Art and Design allows the students to develop creativity, imagination and confidence: skills that are transferable to every other subject on the school curriculum, and critically, are indispensable in a wide array of jobs. Art and Design has a central role in the pursuit of Science, Technology, Engineering and Mathematics (STEM) subjects, encouraging innovation, analysis and evaluation – skills that are undoubtedly valuable both in school and well beyond into the workplace.
When the student arrives with us in Year 7 we would expect them to have had artistic experiences from an early age. However to ensure basic skills are embedded we practise all the basic skills such as line, form, shape, colour and scale structured through short activities such as pencil skills, colour mixing and blending and also through looking at the rules of composition within the still-life paintings of the Cubist artists. This allows the more advanced students an opportunity to refine their skills whilst ensuring those who have not had the same opportunities get the chance to experience these initial art experiences and allows all to have a strong understanding of the key skills, terms and media. Within their first year, students will also experience the very tactile process of ceramics from the basic skill of slab rolling and decoration, this work is developed through their research of religious artist Fernando Llort.

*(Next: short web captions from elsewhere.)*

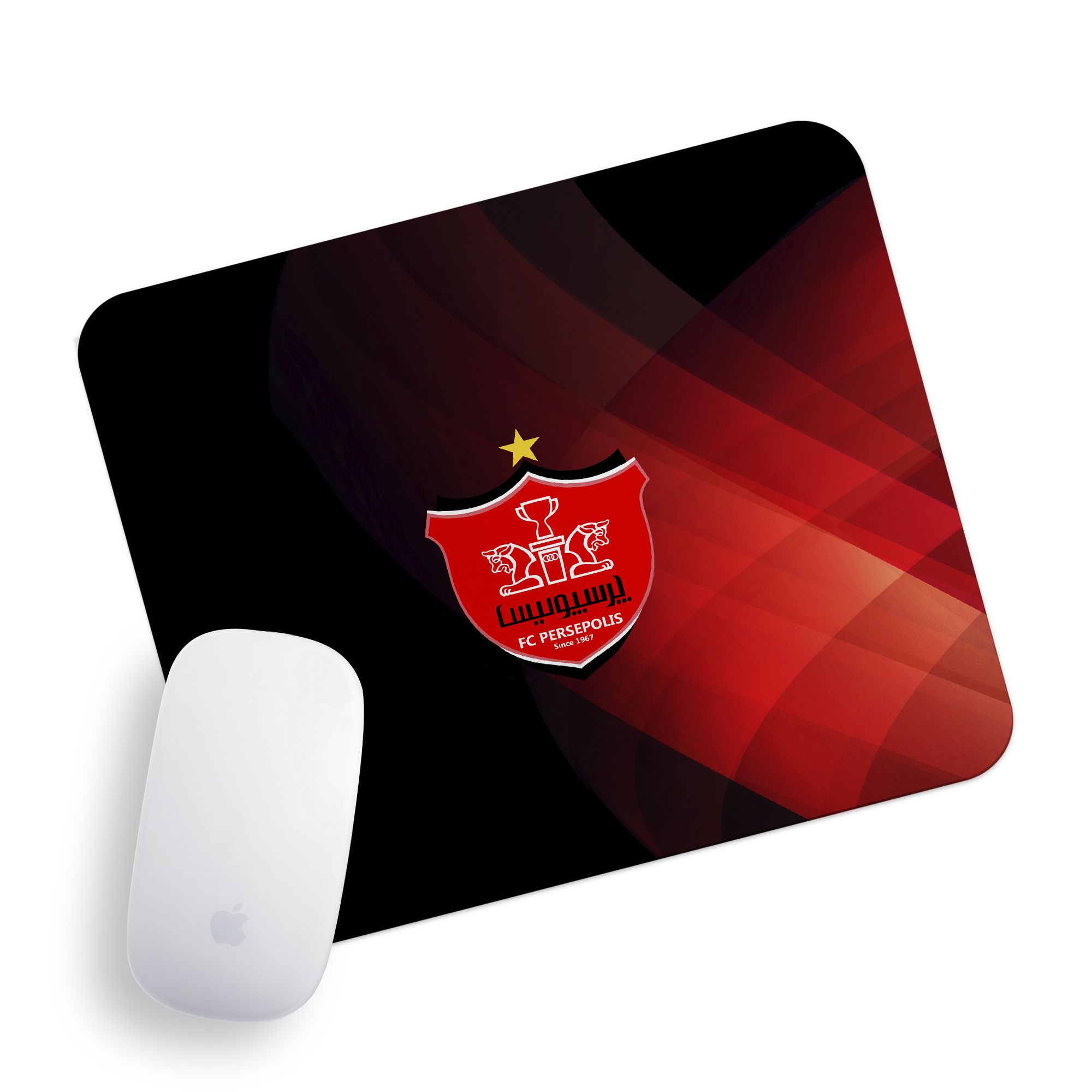 پد موس راویتا طرح پرسپولیس 2120 پد موس راویتا طرح پرسپولیس 2120
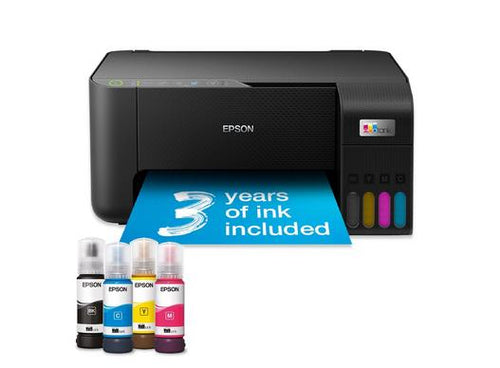 Epson EcoTank ET-2860 Inkjet A4 5760 x 1440 DPI 33 ppm Wi-Fi Epson EcoTank ET-2860 Inkjet A4 5760 x 1440 DPI 33 ppm Wi-Fi
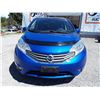 Image 2 : H5 --  2014 NISSAN VERSA NOTE S  , Blue , 88493  KM's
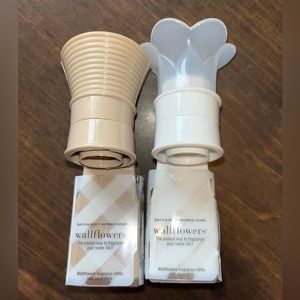 Bath & body works Wallflowers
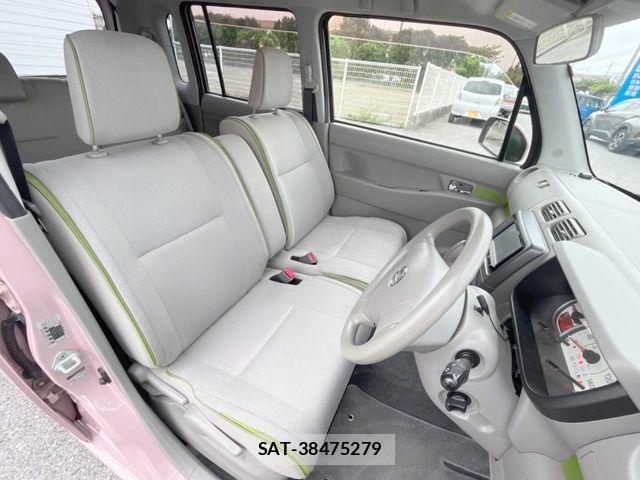 Daihatsu MOVE CONTE 2014-10 6909486-8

In Year 8 the slab rolling skill is taken further by students’ learning to join the clay in the form of slab pottery, with each student making their own tea-light holder in the form of a house based on their studies of local environment, and an understanding of depth and perspective in art. Within this year students also develop skills in new technologies such as digital photography, editing and digital manipulation techniques. An emphasis is then placed upon presentation, improving drawing skills with a range of media and annotation of work. The final activity in Year 8 is to study an artist and develop an original piece of work in the style of the given artist.
Each of the tasks within Year 7 and 8 are developing confidence, skills and techniques that lead towards an extended task in Year 9. This allows students to employ the skills developed over the first two years and serves as an introduction to the Assessment Objectives that they will follow if they progress to GCSE Art, Craft & Design at Key Stage 4. Ceramics in Year 9 is taught within the Technology rotation and at this stage students will be expected to research and develop a coil pot having looked at examples from Ancient Greece and also the narrative work of contemporary Artist Grayson Perry.
Students who opt to study Art, Craft & Design at GCSE level in Key Stage 4 will then complete two extended tasks which becomes their Portfolio (60% of the total grade), which cover the 4 Assessment Objectives alongside satellite projects which are aimed at strengthening their individuals skills. Students will cover a range of disciplines including fine art, printmaking, digital art and ceramics, which will be assessed by an Externally Set Assignment (40% of the total grade), assigned in Spring term of Year 11. Homework is an opportunity for the students to extend knowledge of their selected artists, improve their skills and finish work to a higher standard.
For further information on the GCSE Art, Craft and Design course please follow the link below:
The Art Department run a weekly Key Stage 3 Art Club after-school which enables the students to: further develop skills studied in class, work on independent projects or complete homework and classwork in a well-equipped Art studio. It is expected that students who wish to attend respect each student’s ability level and interest.
Key Stage 4 students are invited to attend Study Support sessions throughout the year to allow them the opportunity to continue their studies with the support and materials available to encourage success. We also welcome outside visitors into the department to widen the students knowledge and show them how Art can lead them on to a broad range of career paths. In recent years we have welcomed visiting ceramic artists and puppet makers into the departments, and created links with UCLan and their student ambassadors to allow our students to work with post-graduate photography students and also to visit their studios.
In a student’s time studying Art it is hoped they will have taken every opportunity to learn, experience and fully involve themselves within Art and Design. This may be a subject that directly allows them to access higher education within the arts or perhaps indirectly equips the student with the skills required to pursue a career in Science, Technology, Engineering and Mathematics (STEM) subjects, encouraging innovation, analysis and evaluation – skills that are undoubtedly valuable in school, college and well beyond into the workplace. With an estimated 2 million jobs – 75 per cent of them outside London – the UK’s creative industries are developing new jobs faster than other sectors despite record employment in the UK economy as a whole. It‘s our job here at Christ the King Catholic High School to ensure all of our students receive the skills required if this is the field they wish to pursue as a career.